(Source data begins)

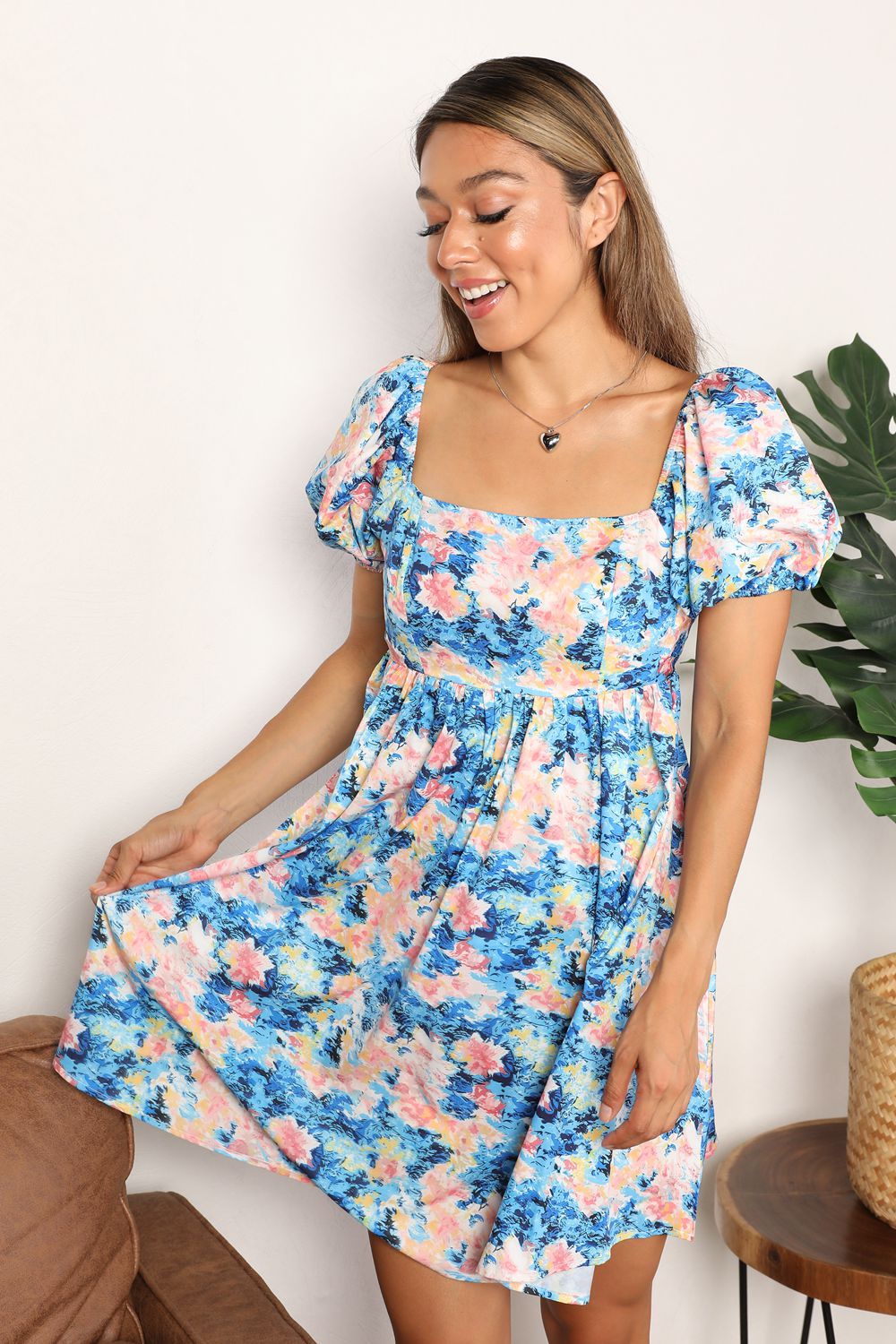 Double Take Floral Square Neck Puff Sleeve Dress | Gulf Resellers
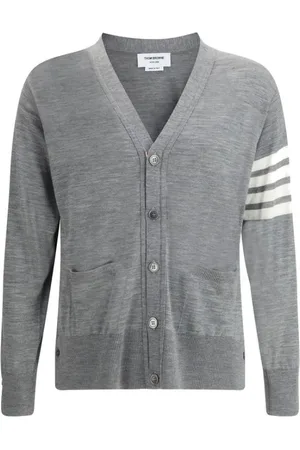 Thom Browne Cardigans, male, , Size: M Striped Cuffs Wool Cardigan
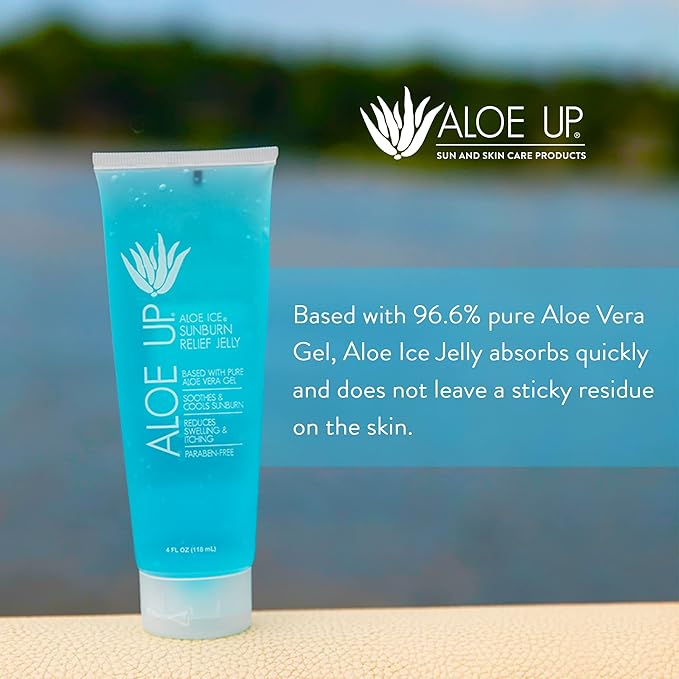 ALOE UP Sport Sunscreen Lotion SPF 30 and Aloe Ice Sunburn Relief Jelly - Bundle with Sunscreen Protector for Face and Body and After Sun Gel - With Pure Aloe Vera Gel - Reef Friendly - 2 Items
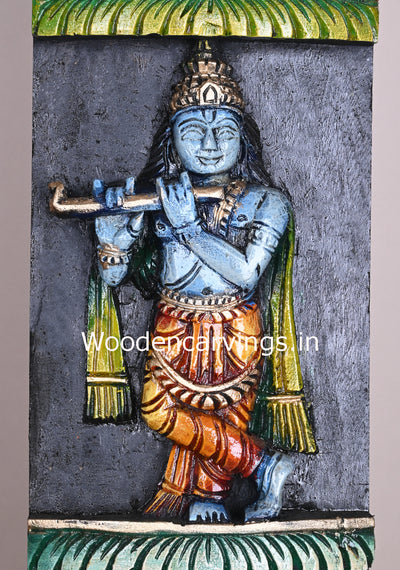 Vertical Detaily Carved Maha Vishnu Powerful Avatars Ten Multicoloured Home Decor Wooden Wall Panel 49"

(Source data ends)

Your goal:
Please return only the lines running from the line with "Thom Browne Cardigans, male, , Size: M" to the final line of the data, both included, exactly and without any pictures.

Output for this exercise:
 Thom Browne Cardigans, male, , Size: M Striped Cuffs Wool Cardigan
 ALOE UP Sport Sunscreen Lotion SPF 30 and Aloe Ice Sunburn Relief Jelly - Bundle with Sunscreen Protector for Face and Body and After Sun Gel - With Pure Aloe Vera Gel - Reef Friendly - 2 Items
 Vertical Detaily Carved Maha Vishnu Powerful Avatars Ten Multicoloured Home Decor Wooden Wall Panel 49"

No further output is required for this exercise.